● Provided records:
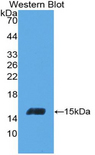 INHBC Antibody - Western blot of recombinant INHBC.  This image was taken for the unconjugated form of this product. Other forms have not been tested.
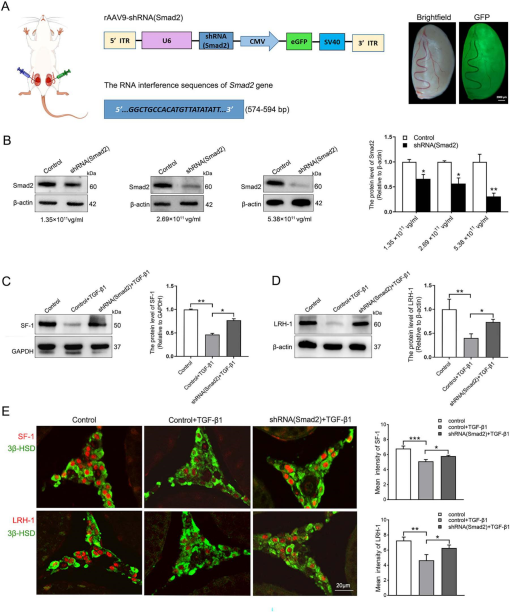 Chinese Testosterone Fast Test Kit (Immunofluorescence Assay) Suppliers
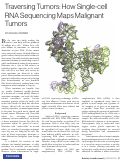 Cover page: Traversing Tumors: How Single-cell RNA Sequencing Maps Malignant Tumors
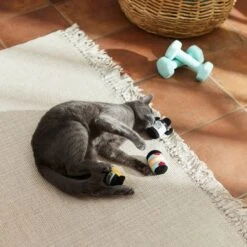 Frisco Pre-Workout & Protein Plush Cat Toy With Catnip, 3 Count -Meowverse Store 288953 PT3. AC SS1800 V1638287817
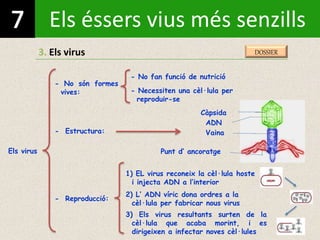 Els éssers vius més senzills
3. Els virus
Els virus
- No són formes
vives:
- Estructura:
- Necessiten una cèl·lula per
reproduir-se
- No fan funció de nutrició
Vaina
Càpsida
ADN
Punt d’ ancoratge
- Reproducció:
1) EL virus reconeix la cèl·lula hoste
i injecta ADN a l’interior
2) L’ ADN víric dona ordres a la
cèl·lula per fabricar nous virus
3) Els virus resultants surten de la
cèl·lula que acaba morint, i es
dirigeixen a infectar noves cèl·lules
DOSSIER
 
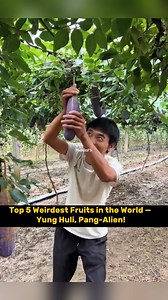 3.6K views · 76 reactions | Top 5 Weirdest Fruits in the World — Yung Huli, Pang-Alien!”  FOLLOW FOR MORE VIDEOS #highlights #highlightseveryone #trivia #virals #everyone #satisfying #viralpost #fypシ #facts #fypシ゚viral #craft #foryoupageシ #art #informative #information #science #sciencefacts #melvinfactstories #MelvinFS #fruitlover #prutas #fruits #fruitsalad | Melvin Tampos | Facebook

---

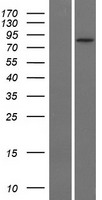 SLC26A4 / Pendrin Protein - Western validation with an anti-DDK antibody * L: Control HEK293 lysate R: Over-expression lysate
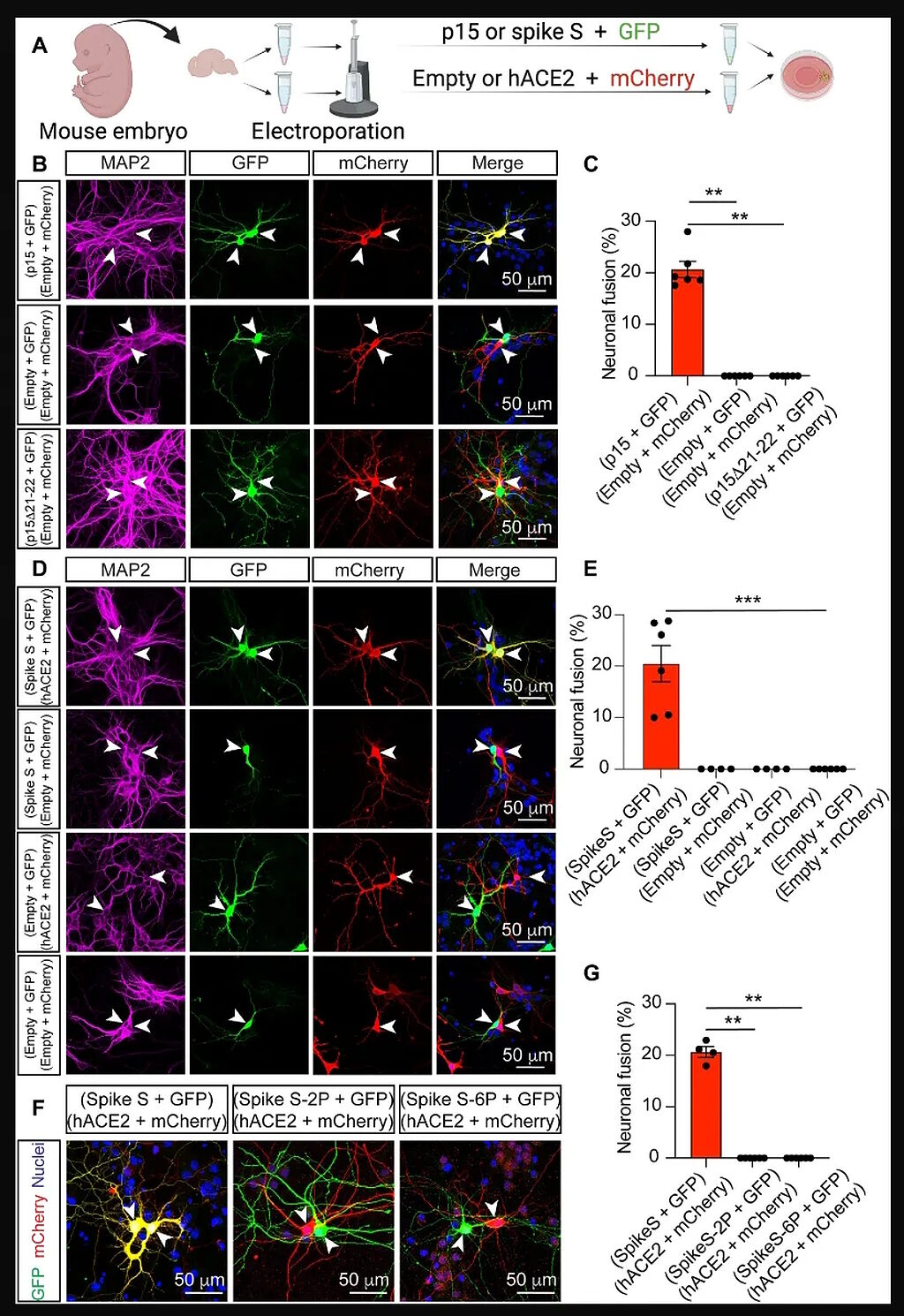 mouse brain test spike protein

● What you will do:
Scan the data above for the string "lula" and copy each line where it appears.

● Solution to the problem:
- Necessiten una cèl·lula per
1) EL virus reconeix la cèl·lula hoste
cèl·lula per fabricar nous virus
cèl·lula que acaba morint, i es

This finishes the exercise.